Re: IndexSorter optimizer

2006-01-04 Thread Doug Cutting

Byron Miller wrote:

On optimizing performance, does anyone know if google
is exporting its entire dataset as an index or only
somehow indexing the topN % (since they only show the
first 1000 or so results anyway)


Both.  The highest-scoring pages are kept in separate indexes that are 
searched first.  When a query fails to match 1000 or so documents in the 
high-scoring indexes then the entire dataset is searched.  In general 
there can be multiple levels, e.g.: high-scoring, mid-scoring and 
low-scoring indexes, with the vast majority of pages in the last 
category, and the vast majority of queries resolved consulting only the 
first category.


What I have implemented so far for Nutch is a single-index version of 
this.  The current index-sorting implementation does not yet scale well 
to indexes larger than ~50M urls.  It is a proof-of-concept.

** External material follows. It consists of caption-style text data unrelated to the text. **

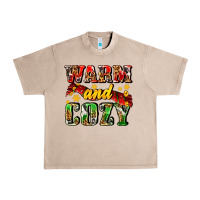 French Oak warm and cozy with scarf Urban Heavy Tee - AdoDesignShop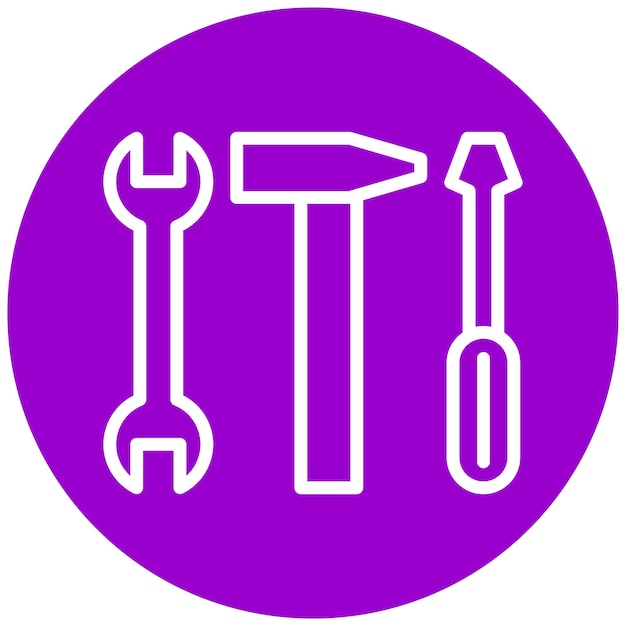 Diseño vectorial de suministros de bricolaje Estilo de icono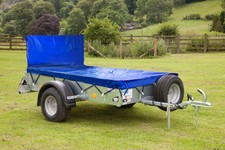 Trailer Cover For The Ifor Williams P6E Ramped Trailer With Extended Ramp.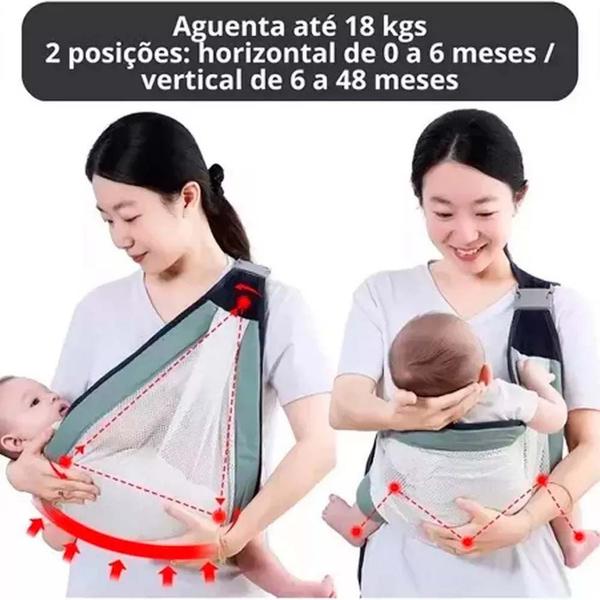 Imagem de Canguru Ergonômico Carregador Bebe com Alça de Ombro Ajustável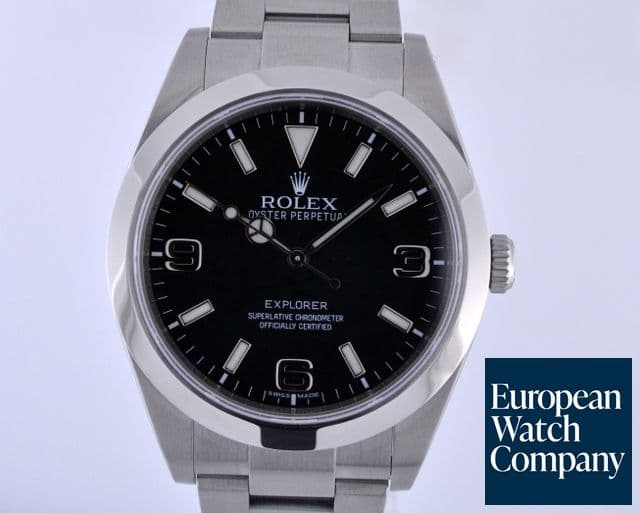 Image of Rolex Explorer I SS/SS Black Dial G Series (2011)


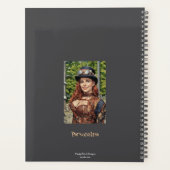 キュートスチームパンクウォリアーハート引用文グレージャーナル プランナー手帳 (裏面)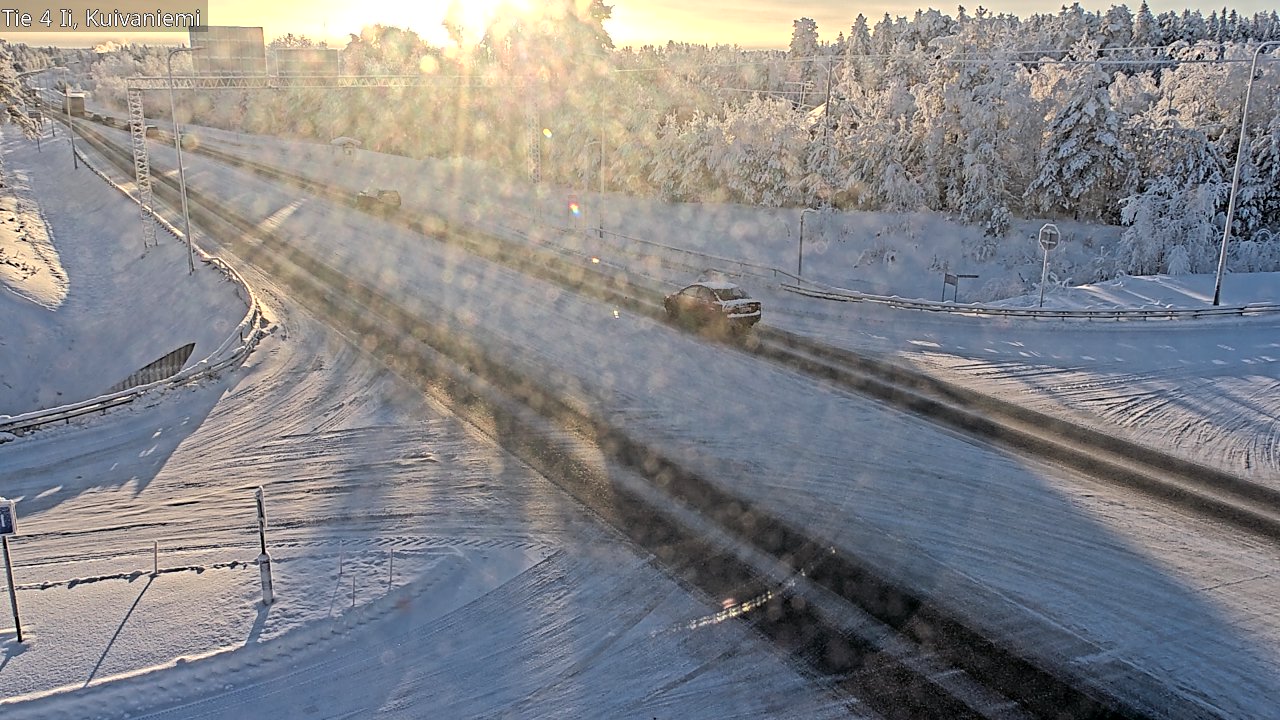 Kelikamerat Kuva Tie 4 Ii, Kuivaniemi, Ii, Pohjois-Pohjanmaa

A better long-term approach is to introduce another MapReduce pass that 
collects Lucene documents (or equivalent) as values, and page scores as 
keys.  Then the indexing MapReduce pass can partition and sort by score 
before creating indexes.  The distributed search code will also need to 
be modified to search high-score indexes first.


Doug


Re: IndexSorter optimizer

2006-01-04 Thread Andrzej Bialecki

Doug Cutting wrote:


Byron Miller wrote:


On optimizing performance, does anyone know if google
is exporting its entire dataset as an index or only
somehow indexing the topN % (since they only show the
first 1000 or so results anyway)



Both.  The highest-scoring pages are kept in separate indexes that are 
searched first.  When a query fails to match 1000 or so documents in 
the high-scoring indexes then the entire dataset is searched.  In 
general there can be multiple levels, e.g.: high-scoring, mid-scoring 
and low-scoring indexes, with the vast majority of pages in the last 
category, and the vast majority of queries resolved consulting only 
the first category.


What I have implemented so far for Nutch is a single-index version of 
this.  The current index-sorting implementation does not yet scale 
well to indexes larger than ~50M urls.  It is a proof-of-concept.


A better long-term approach is to introduce another MapReduce pass 
that collects Lucene documents (or equivalent) as values, and page 
scores as keys.  Then the indexing MapReduce pass can partition and 
sort by score before creating indexes.  The distributed search code 
will also need to be modified to search high-score indexes first.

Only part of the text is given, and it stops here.